What if, in addition to the worship service postmortems, those planning teams also implemented a process of worship service premortem evaluations? Premortem is the process of applying prospective hindsight before an event or project occurs. Prospective hindsight is considering what might occur by envisioning the future outcome or imagining results based on the information at hand. Premortem evaluators say, “Let’s get it right this time.”

Maybe it’s possible through these collective pre and post evaluative processes to improve, strengthen and renew our worship services as they are being birthed, rather than just having to autopsy them after their passing.

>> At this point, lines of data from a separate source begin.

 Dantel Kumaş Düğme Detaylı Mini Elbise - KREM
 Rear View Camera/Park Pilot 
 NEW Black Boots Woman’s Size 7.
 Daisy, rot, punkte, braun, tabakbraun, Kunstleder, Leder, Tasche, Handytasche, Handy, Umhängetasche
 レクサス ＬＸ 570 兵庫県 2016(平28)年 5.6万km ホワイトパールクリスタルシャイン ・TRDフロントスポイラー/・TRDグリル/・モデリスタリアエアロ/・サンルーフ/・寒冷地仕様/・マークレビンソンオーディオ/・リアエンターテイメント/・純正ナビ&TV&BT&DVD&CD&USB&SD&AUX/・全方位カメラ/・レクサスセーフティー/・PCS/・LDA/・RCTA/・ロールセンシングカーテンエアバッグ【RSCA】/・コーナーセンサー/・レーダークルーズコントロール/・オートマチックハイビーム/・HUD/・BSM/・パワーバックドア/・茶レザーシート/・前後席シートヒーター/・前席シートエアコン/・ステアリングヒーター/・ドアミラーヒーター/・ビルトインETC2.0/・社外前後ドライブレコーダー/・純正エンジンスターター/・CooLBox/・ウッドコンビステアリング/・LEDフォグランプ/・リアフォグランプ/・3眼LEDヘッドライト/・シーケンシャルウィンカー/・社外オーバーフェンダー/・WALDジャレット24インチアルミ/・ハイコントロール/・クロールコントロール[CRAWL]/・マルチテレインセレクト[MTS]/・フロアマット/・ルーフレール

Note: Last minute worship service planning makes premortems virtually impossible and often contributes to painful postmortems

Sample Worship Service Premortem Questions

  • Is the service easy to follow or disjointed?
  • Will the announcements distract from the worship flow?
  • Are transitions and pace going to link the worship elements well?
  • Are leaders doing anything that could be done by the people?
  • Does platform personnel represent the cultural and generational character of our congregation?
  • Are there any elements generally accepted by the congregation that might be unfamiliar to guests?
  • Will the songs we have selected encourage passive or participative worship?
  • Are we using a healthy balance of familiar and new songs?
  • Are those songs singable?
  • Are the songs theologically sound and biblically accurate?
  • Are any of our artistic, visual or verbal expressions distracting?
  • Will it be evident that prayer is an important part of our worship?
  • Is Scripture foundational to every element of this service?
  • Are we reading or highlighting Scripture beyond the text of the sermon?
  • How will the congregation actively participate in the reading of Scripture?
  • What other options are available for responding to the Word if we aren’t celebrating the Lord’s Supper?
  • Is there continuity with the sermon and other worship elements?
  • Is it evident that the sermon is also worship?
  • How are we sending them out?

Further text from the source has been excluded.